I know that you are wanting to try an antidepressant out, but may I just recommend something from personal experience? I've been following some of your recent posts and after reading this one, I know that you want relief especially from the depression and anger. Personally, I have never done well on antidepressants (they either didn't work or made me more depressed), but in May of 2009 I was prescribed a very low dose of an antipsychotic called, Zyprexa. Only 2.5 mg to be taken as needed for agitation/hostility/anger, and what do you know? It actually worked! Zyprexa was my miracle drug and at a baby dose of 2.5 mg it did wonders not only by reducing my anger, but by also lifting my mood, and making things more even-keeled which was what I desperately needed. I am by no means saying that you are psychotic, but perhaps this drug can offer you alleviation of your symptoms as it did for me. Please don't get angry at me or be upset with me for recommending this option. Just as a suggestion. I want you to feel better.


----------



## S O L A R I S (Dec 24, 2009)

I have personally been on Zoloft for a few months now. I have to say, i am very glad for this drug, because it helped me go forth with my daily activities. I know that it wont cure the DP, im just taking it to keep me going through the things I have to do daily. I did not want to give up, and thankfully, antidepressants can be an emotional band aid sometimes.


----------



## ValleyGirl (Nov 10, 2017)

insaticiable said:


> Tinyfairypeople,
> 
> I know that you are wanting to try an antidepressant out, but may I just recommend something from personal experience? I've been following some of your recent posts and after reading this one, I know that you want relief especially from the depression and anger. Personally, I have never done well on antidepressants (they either didn't work or made me more depressed), but in May of 2009 I was prescribed a very low dose of an antipsychotic called, Zyprexa. Only 2.5 mg to be taken as needed for agitation/hostility/anger, and what do you know? It actually worked! Zyprexa was my miracle drug and at a baby dose of 2.5 mg it did wonders not only by reducing my anger, but by also lifting my mood, and making things more even-keeled which was what I desperately needed. I am by no means saying that you are psychotic, but perhaps this drug can offer you alleviation of your symptoms as it did for me. Please don't get angry at me or be upset with me for recommending this option. Just as a suggestion. I want you to feel better.

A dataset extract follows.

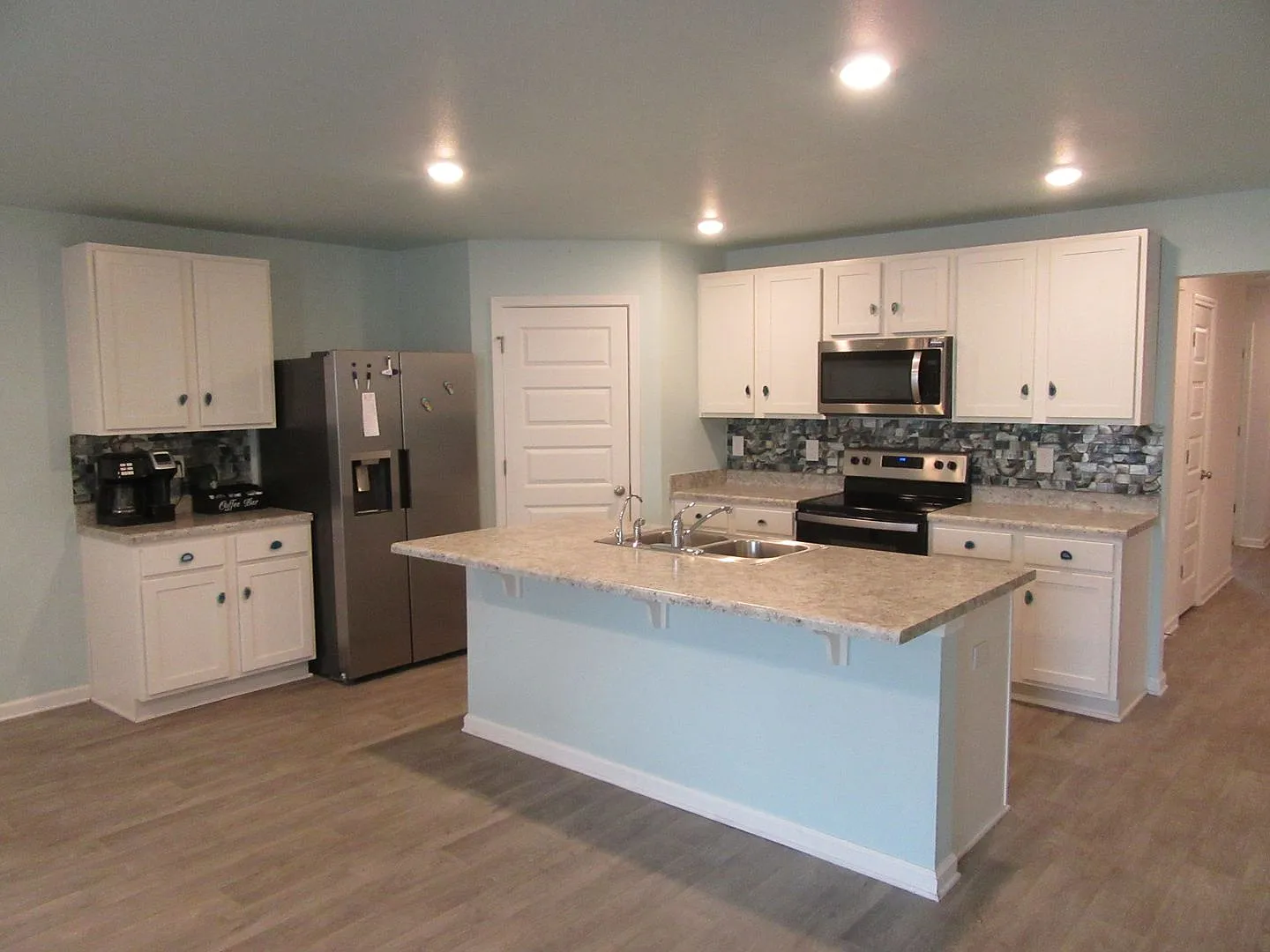 4 bed, 2.0 bath, 1753 sqft, $1,800 — Photo 4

Oh I'm not offended. I've been on antipsychotics since getting dp.


----------



## aloof (Nov 18, 2008)

SSRIs may help for some people....but not me and I have a feeling very few actually. I actually chatted with Jeff Abugel, co-author of Feeling Unreal. We discussed meds and in particular what I have tried, and he like me, believes the anti-seizure meds seem to as a group work best for many DP sufferers. examples are klonopin, trileptal, lamictal, and neurontin. i have tried all of those and i mostly stick to klonopin and trileptal....i use neurontin on and off. one thing we discussed and it has been my experience is to back off the doses now and then and then go back up. With these meds you can tend to build a tolerance...then you will have to keep increasing the doses which can lead to side effects such as dopiness/tiredness/depression.


----------



## ValleyGirl (Nov 10, 2017)

aloof said:


> SSRIs may help for some people....but not me and I have a feeling very few actually. I actually chatted with Jeff Abugel, co-author of Feeling Unreal. We discussed meds and in particular what I have tried, and he like me, believes the anti-seizure meds seem to as a group work best for many DP sufferers. examples are klonopin, trileptal, lamictal, and neurontin. i have tried all of those and i mostly stick to klonopin and trileptal....i use neurontin on and off. one thing we discussed and it has been my experience is to back off the doses now and then and then go back up. With these meds you can tend to build a tolerance...then you will have to keep increasing the doses which can lead to side effects such as dopiness/tiredness/depression.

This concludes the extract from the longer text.